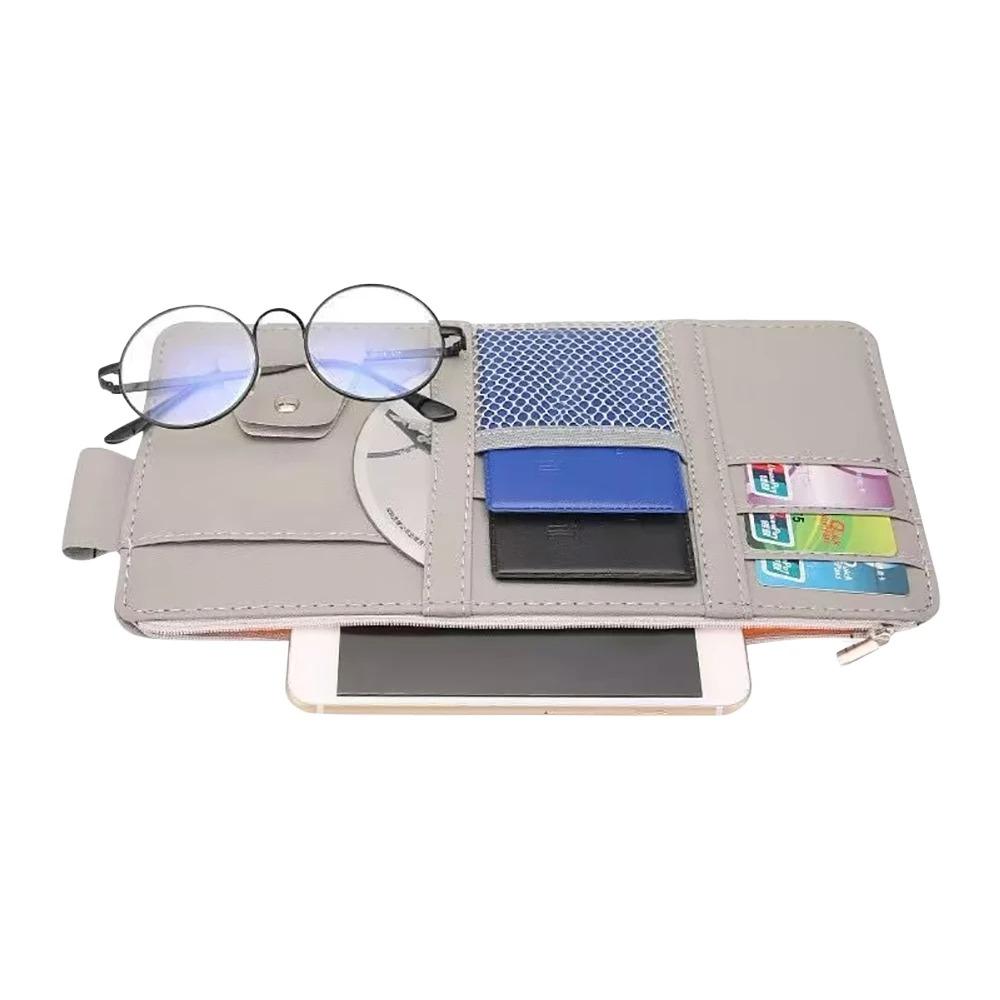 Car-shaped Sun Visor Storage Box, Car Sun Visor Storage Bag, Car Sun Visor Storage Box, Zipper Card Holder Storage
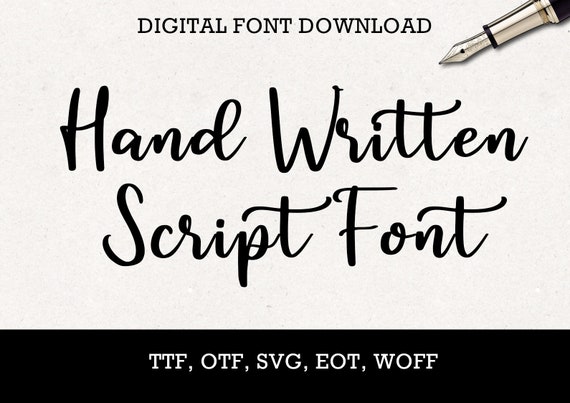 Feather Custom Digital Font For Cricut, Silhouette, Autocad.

--

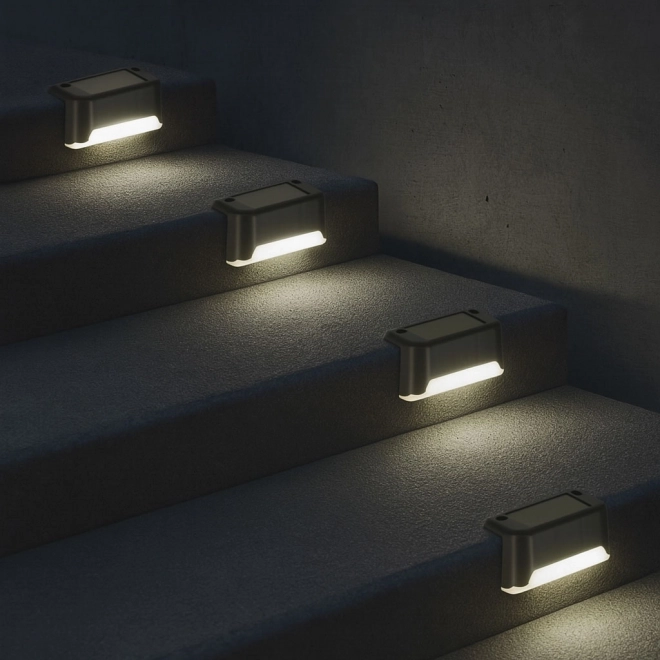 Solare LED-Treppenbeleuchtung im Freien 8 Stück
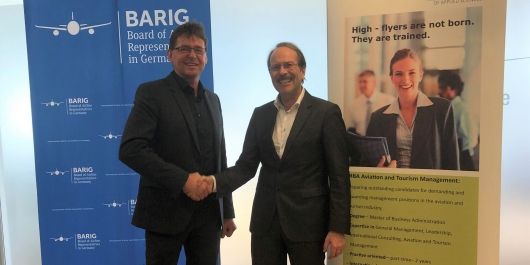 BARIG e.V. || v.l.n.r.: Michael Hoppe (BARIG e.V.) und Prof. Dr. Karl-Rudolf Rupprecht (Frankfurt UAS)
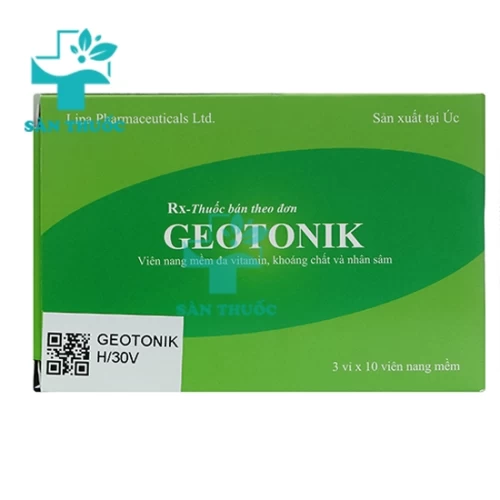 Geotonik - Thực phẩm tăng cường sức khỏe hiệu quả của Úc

Task to carry out: Please transcribe exactly the part of the records that opens with the line containing "Car-shaped Sun Visor" and closes with the line containing "Feather Custom Digital", both ends included, and leave out the pictures.

The completed task:
 Car-shaped Sun Visor Storage Box, Car Sun Visor Storage Bag, Car Sun Visor Storage Box, Zipper Card Holder Storage
 Feather Custom Digital Font For Cricut, Silhouette, Autocad.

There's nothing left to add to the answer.